Today Zanoni no longer takes photographs, but juggles anyway between different “fires”: on the one hand, customers, always demanding, who commission works for their brands – runway photos, backstage, lookbooks and other events – and for magazines when it talks about contents destined for editorial consumption, with an identity and an ethics to be kept in balance with requests, impositions, typical limits of the client; on the other hand the photographers, retouchers and technicians with whom he collaborates to satisfy her in the best possible way, for a result that admits nothing but perfection. A work team built over time, made up of hard work, adrenaline for often impossible deadlines, and sensitivity and skills to be reconciled in the best way, without ever losing sight of the budgets to make ends meet at the end of the month and year, even when a global pandemic undermines the job base and sales inevitably drop.

 

2020 changed the identity of the fashion shows, with the admission of a small number of photographers to the shows, the almost total disappearance of the public, as well as the authorizations to access the backstage for security reasons. “I don’t think we’ll go back to the old calendars anymore, but neither will there be any upheavals in the way we run fashion shows, we’ll go back to normal.” In the meantime, faced with the challenges imposed by covid, the big survive, the little ones risk more than the others: this is true for designers, for photo and communication agencies, for magazines. So we have to prepare for a renewed landscape, and perhaps at a different pace.
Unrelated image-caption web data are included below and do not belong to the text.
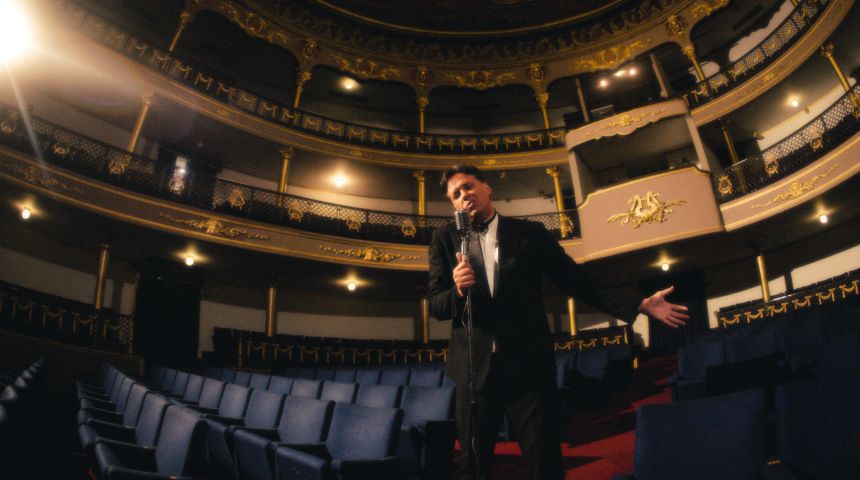 «No Quiero El Oscar» de Andrés Brandt ya tiene vídeo oficial. 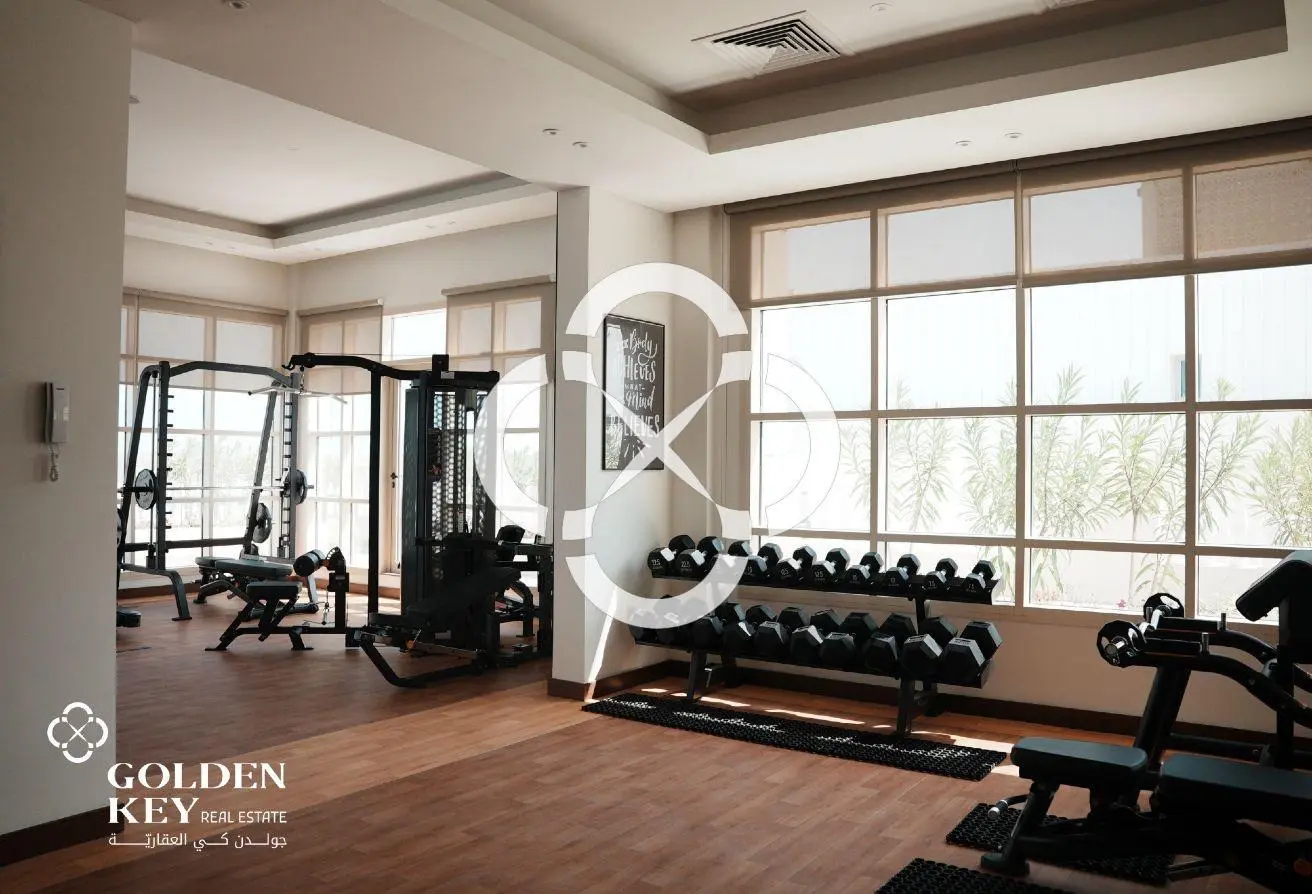 Fully Furnished 3BR | Brand New | Giardino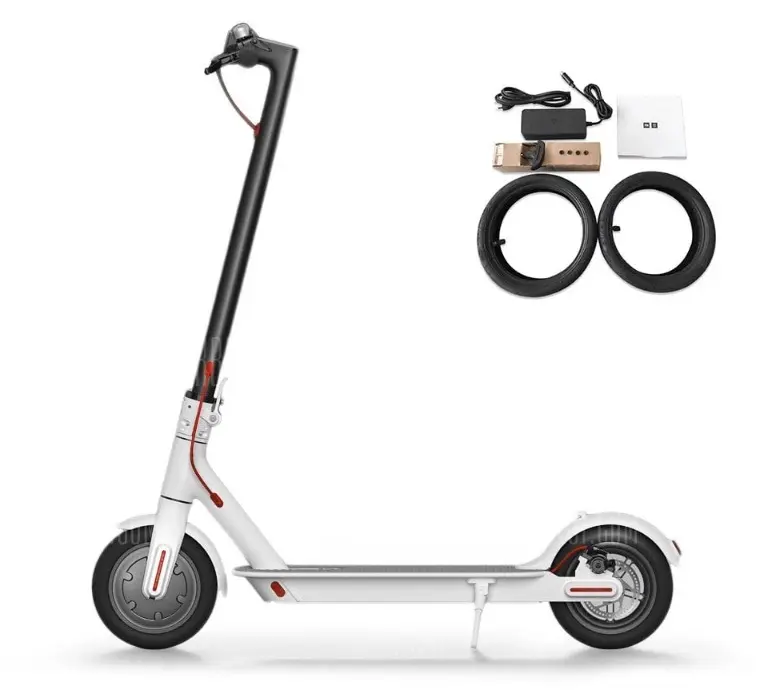 Promos : trottinette Xiaomi M365, chargeur Qi de voiture, Parrot Disco, DxO One, GoPro...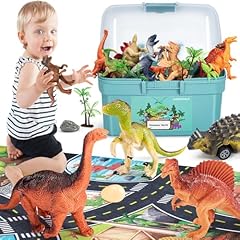 Hahagift dinosaur toys for sale  Delivered anywhere in UK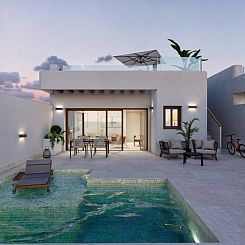 Vrijstaande woning in Torre - Pacheco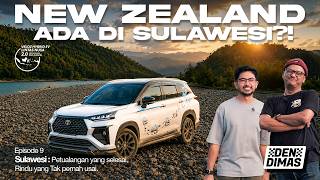 NGGA NYANGKA, NEMU SPOT TERINDAH DI SULAWESI ‼️ Nekat Nyetir Toyota Veloz Hybrid 600 KM Di Sulawesi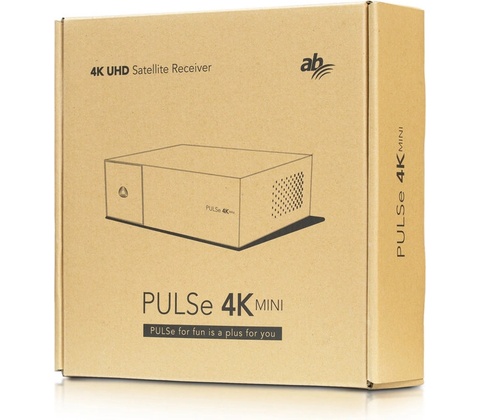 AB PULSe 4K mini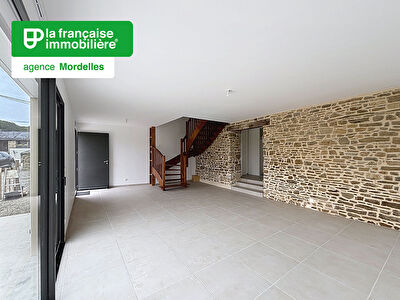 Maison à Saint-Senoux rénovée – 123.70 m2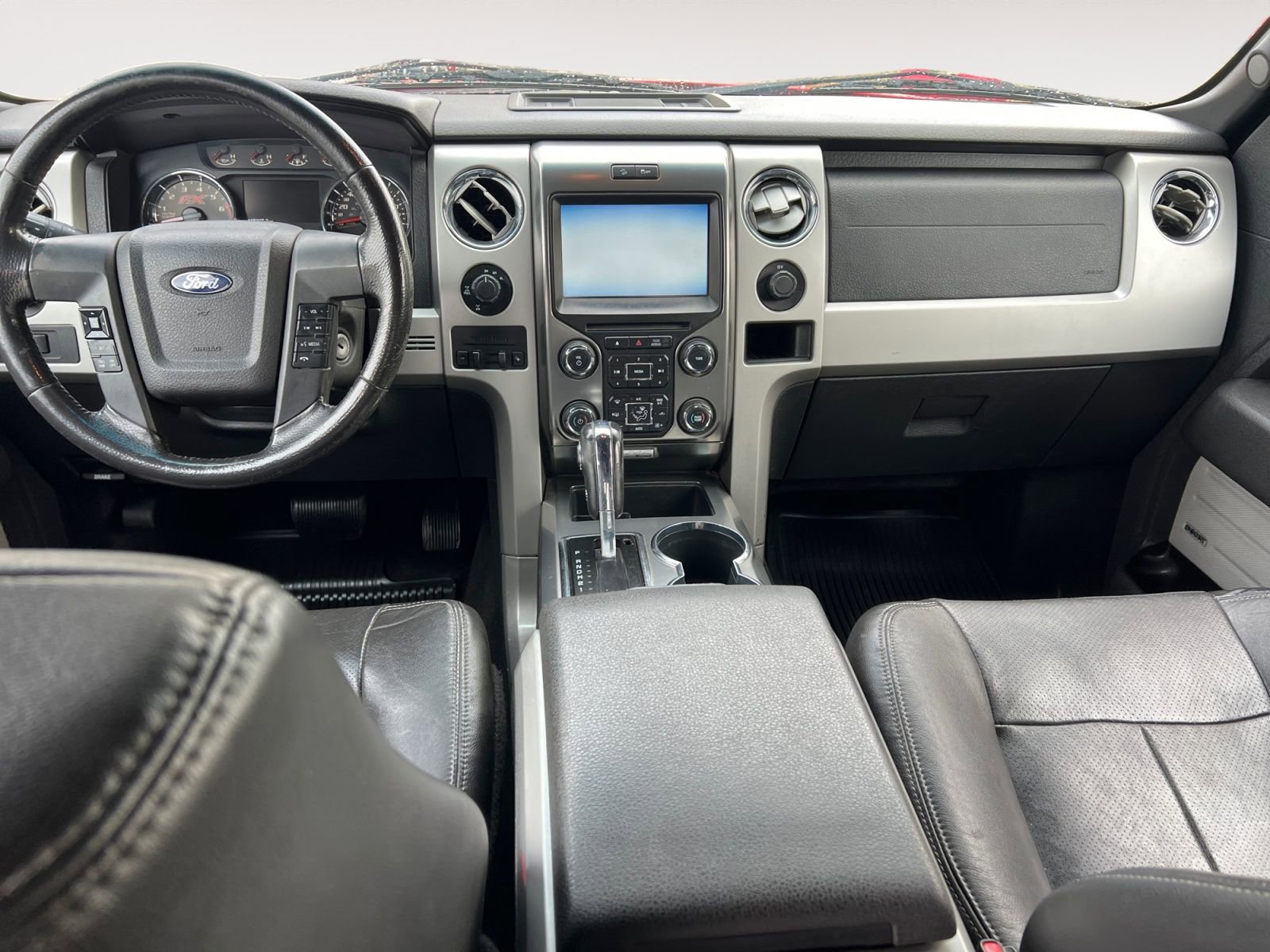 Used 2014 Ford F150 FX4 w/ Equipment Group 402A Luxury image 10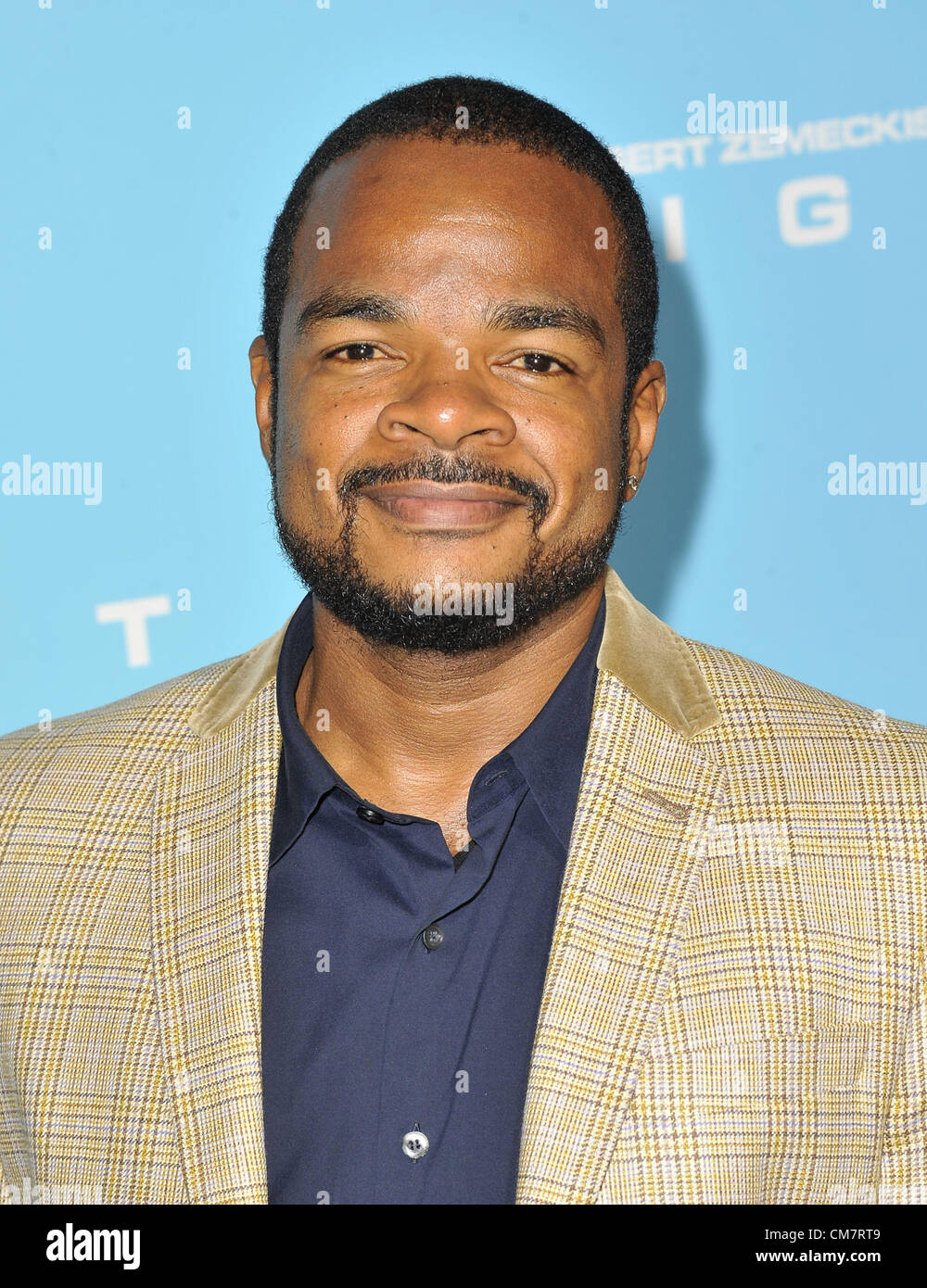 Oct. 23, 2012 Los Angeles, California, U.S. F. Gary Gray Attending
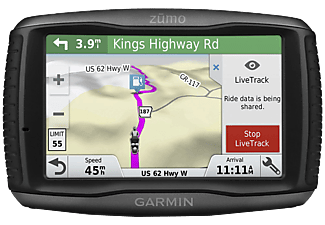 GARMIN Zumo 595 LM Európa GPS navigáció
Not all are made for the fashion industry, which Zanoni recognizes as a bit “hysterical”, more than in other sectors, and which reminds him in part of the news that followed in his twenties, when an event could not be missed, because everything had to end up in the archive, available, and above all you had to go hunting for news when it was missing. “The adrenaline was great at that moment, and it is similar to that which comes from working in fashion, because you know that every event is unique.” Being able to choose a moment to frame, Zanoni has no doubts, even if today he only shoots as a hobby and is fully satisfied with his career: his first photo published on the cover of a national newspaper, at the time of the agency.